## SOURCE RECORDS
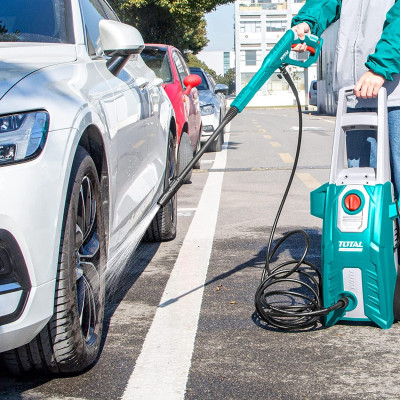 VÒI XỊT RỬA ÁP SUẤT CAO TOTAL TGTHPH526 - HÀNG CHÍNH HÃNG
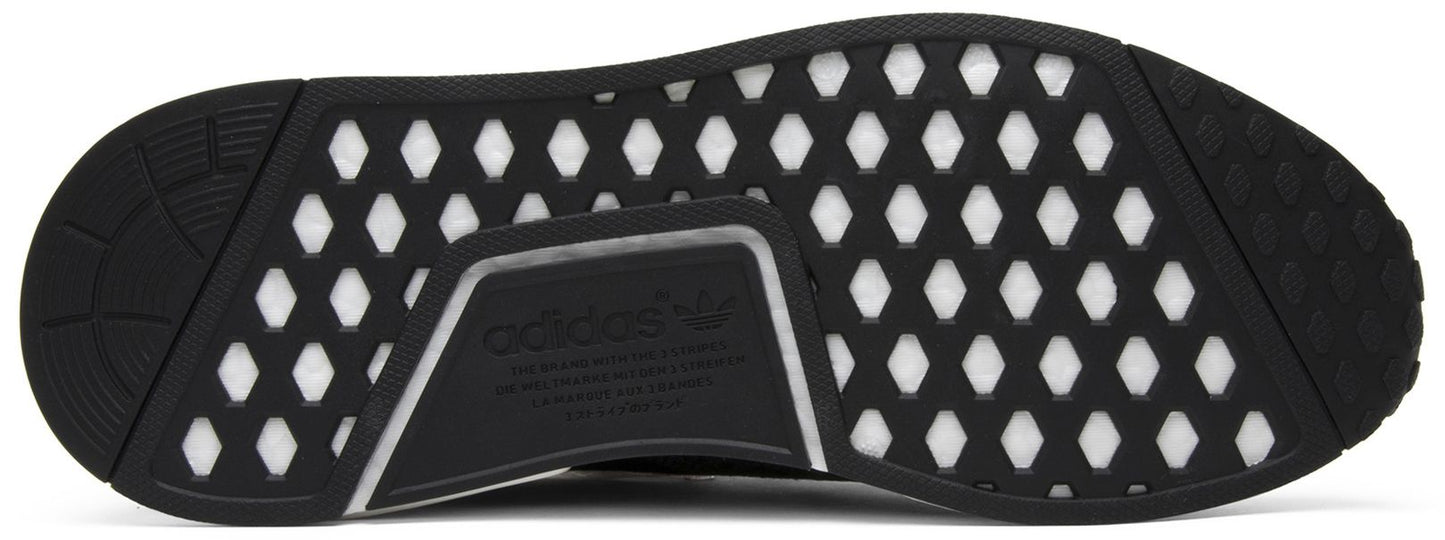 Adidas NMD R1 ‘Neighborhood x Invincible’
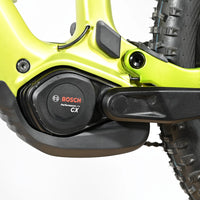 Cube Stereo Hybrid ONE 44 Race 800 | 2025 - M - 473KM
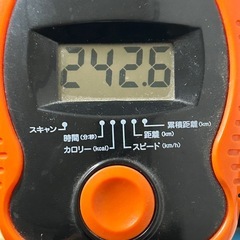 アルインコ　エアロバイク　フィットネスバイクの画像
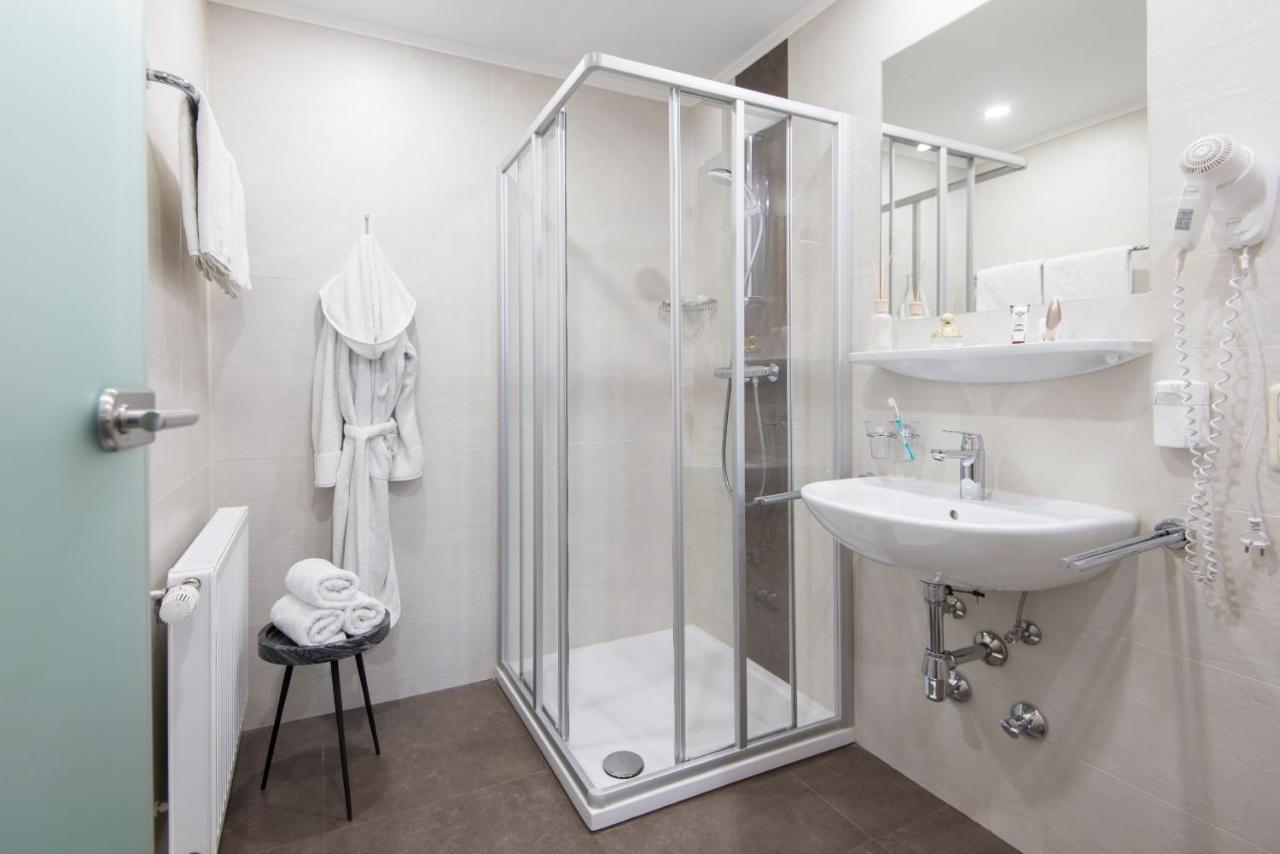 Pension Appartements Gabriele Bad Gastein Zewnętrze zdjęcie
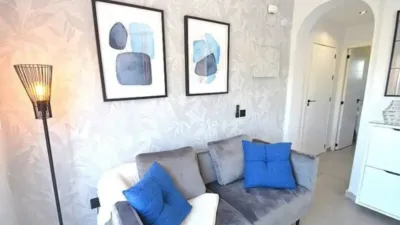 Piso – San Miguel de Salinas, Balcón de la Costa Blanca - Vista 5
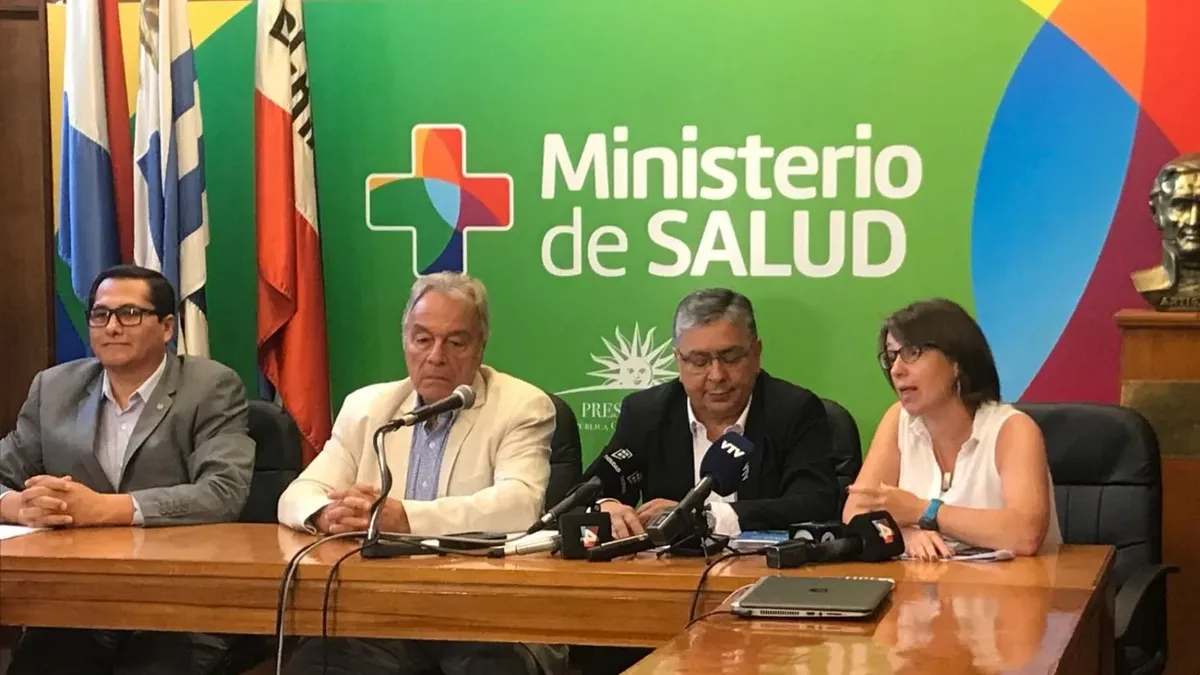 Denuncia penal del MSP por la firma de Satdjian en 2022 que autorizó el convenio con el Círculo Católico
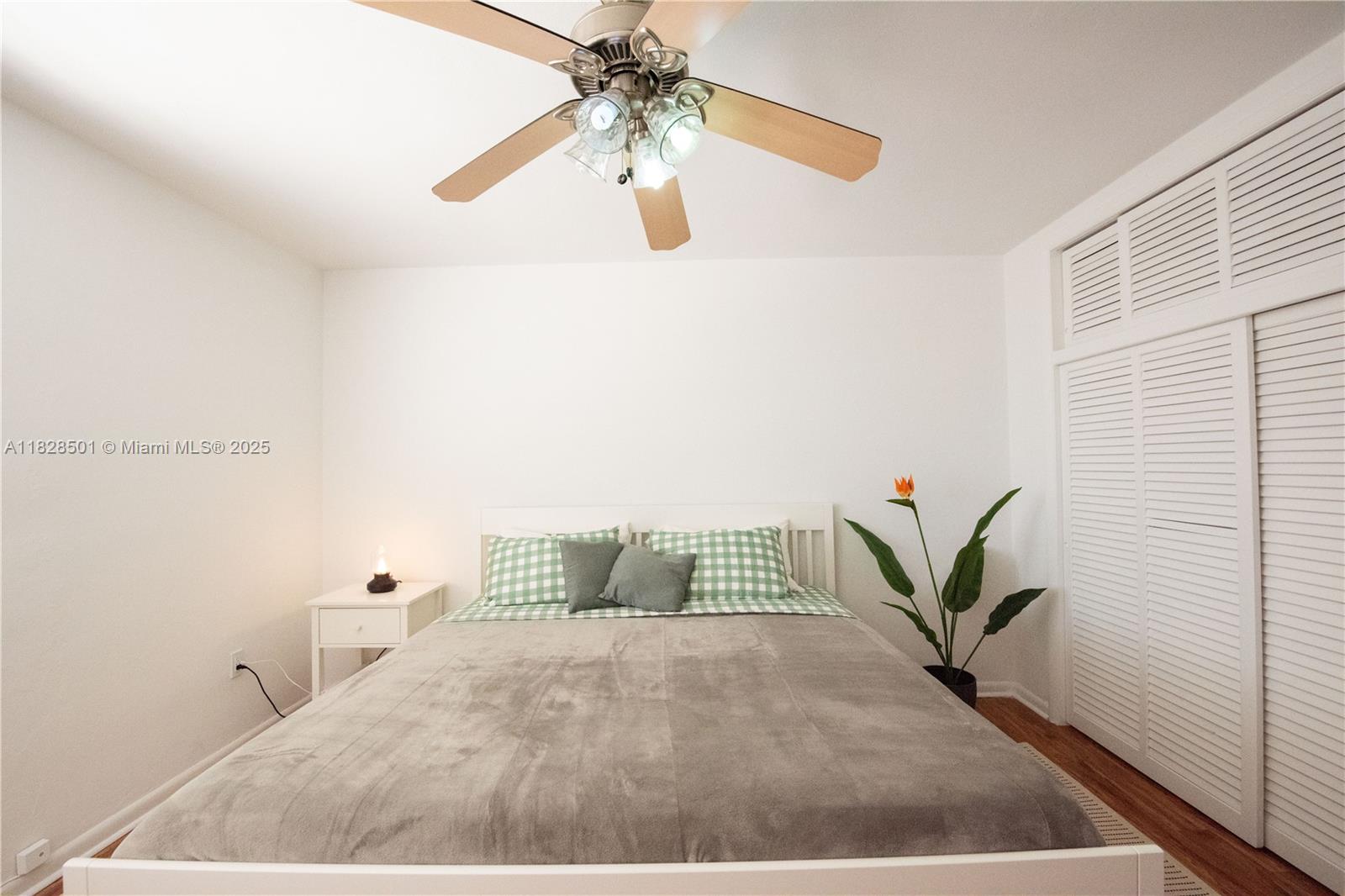 TOWER EAST INCORPORATED C - Residential Lease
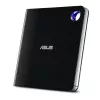 ASUS SBW-06D5H-U optisches Laufwerk Blu-Ray RW Schwarz, Silber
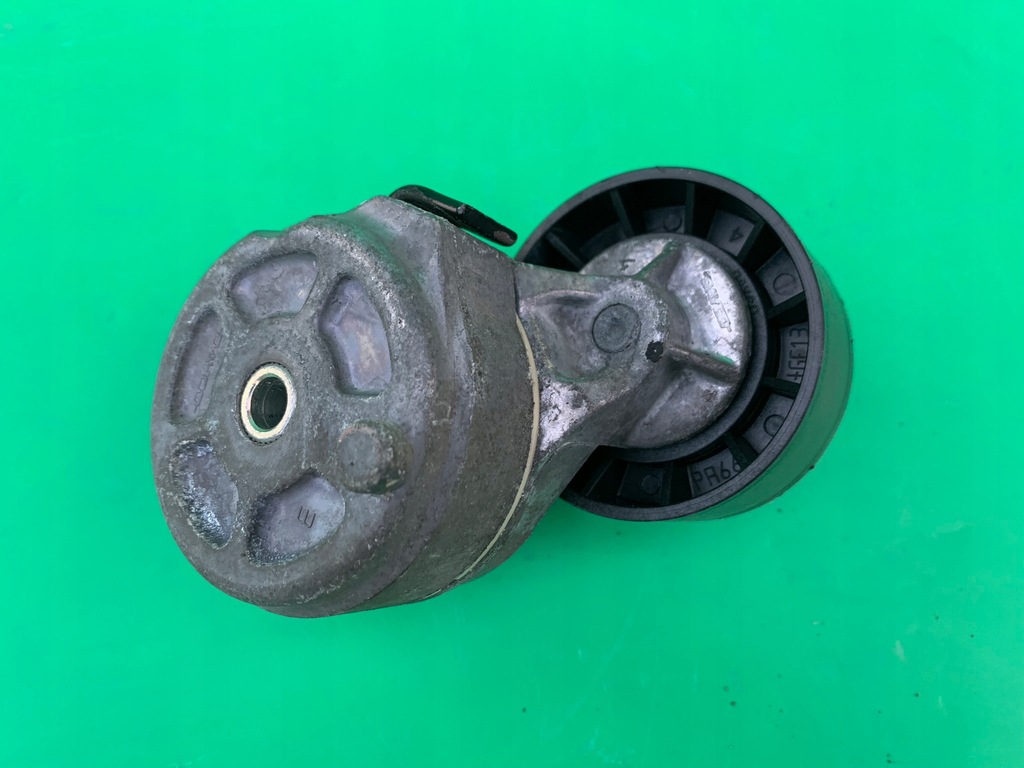 фото №4, Натягувач ремінь клиновий ролик fiat stilo 1.8 16v 01-10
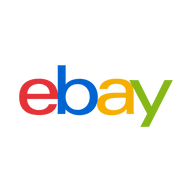 Logo for eBay Inc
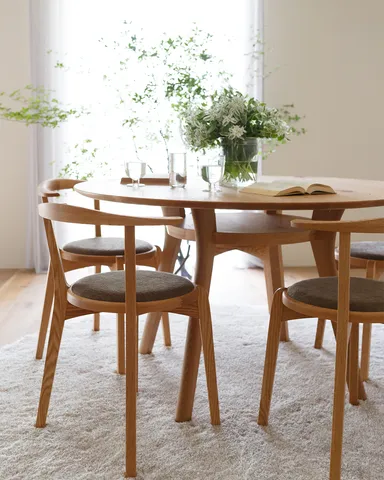 HIRASHIMA- アジレサークルダイニング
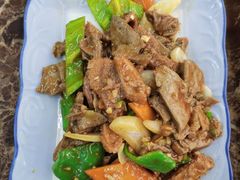 -西关回头馆(西关美食街店)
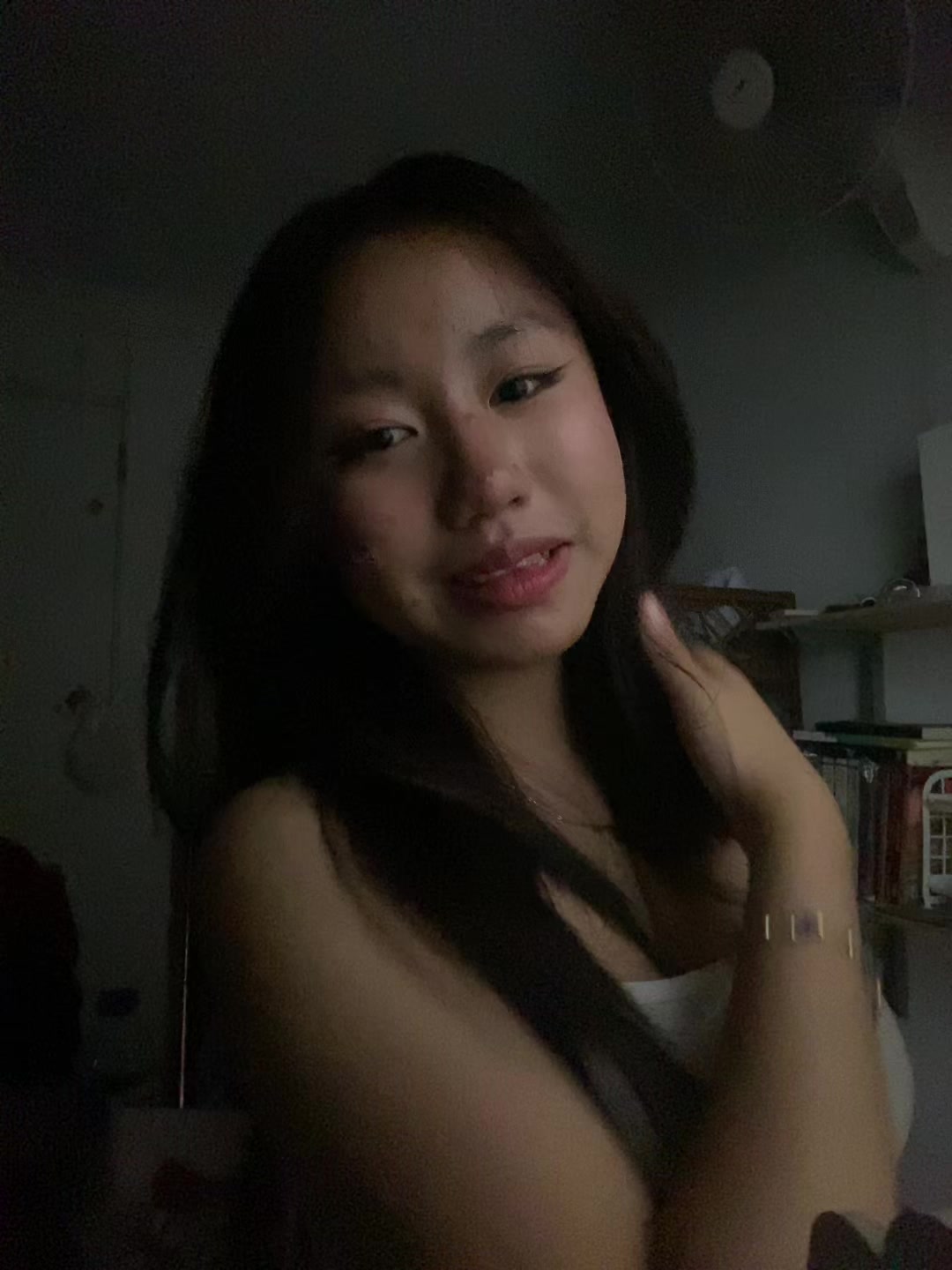 @Ashley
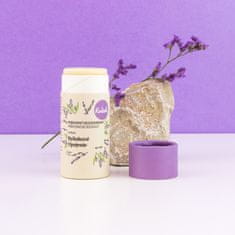 KVÍTOK Trdni deodorant Unisex - Zeliščna opojnost, 42 ml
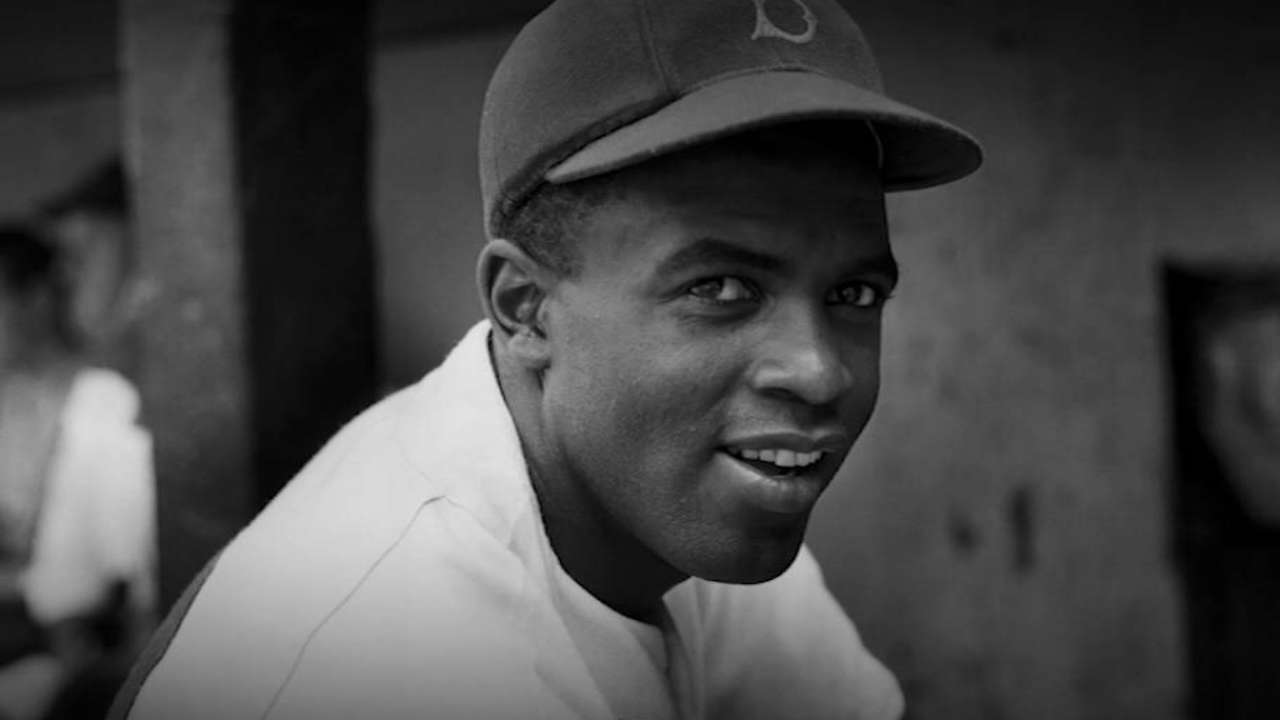 Rays honor Robinson with multi-day tribute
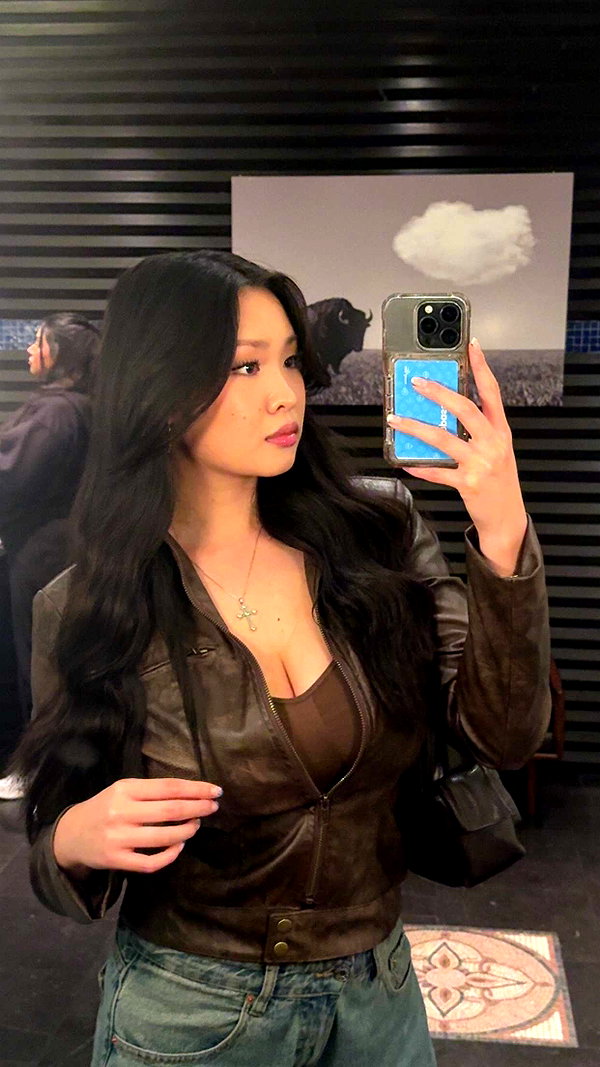 chaelanl snapchat image archive image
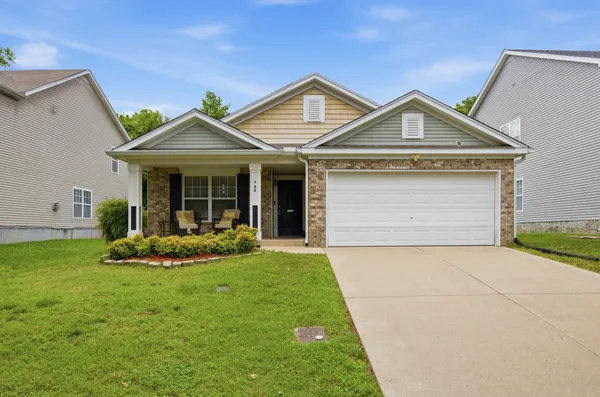 $372,500 | 170 Ivy Hill Lane, Goodlettsville, TN 37072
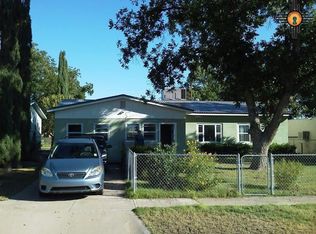 1404 Ortega St, Carlsbad, NM 88220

## WHAT IS EXPECTED
Beginning with the line that contains "Cube Stereo Hybrid", write out the lines of the material above exactly, and end with the line that contains "Piso – San Miguel". Omit the pictures.

## TASK OUTPUT
 Cube Stereo Hybrid ONE 44 Race 800 | 2025 - M - 473KM
 アルインコ　エアロバイク　フィットネスバイクの画像
 Pension Appartements Gabriele Bad Gastein Zewnętrze zdjęcie
 Piso – San Miguel de Salinas, Balcón de la Costa Blanca - Vista 5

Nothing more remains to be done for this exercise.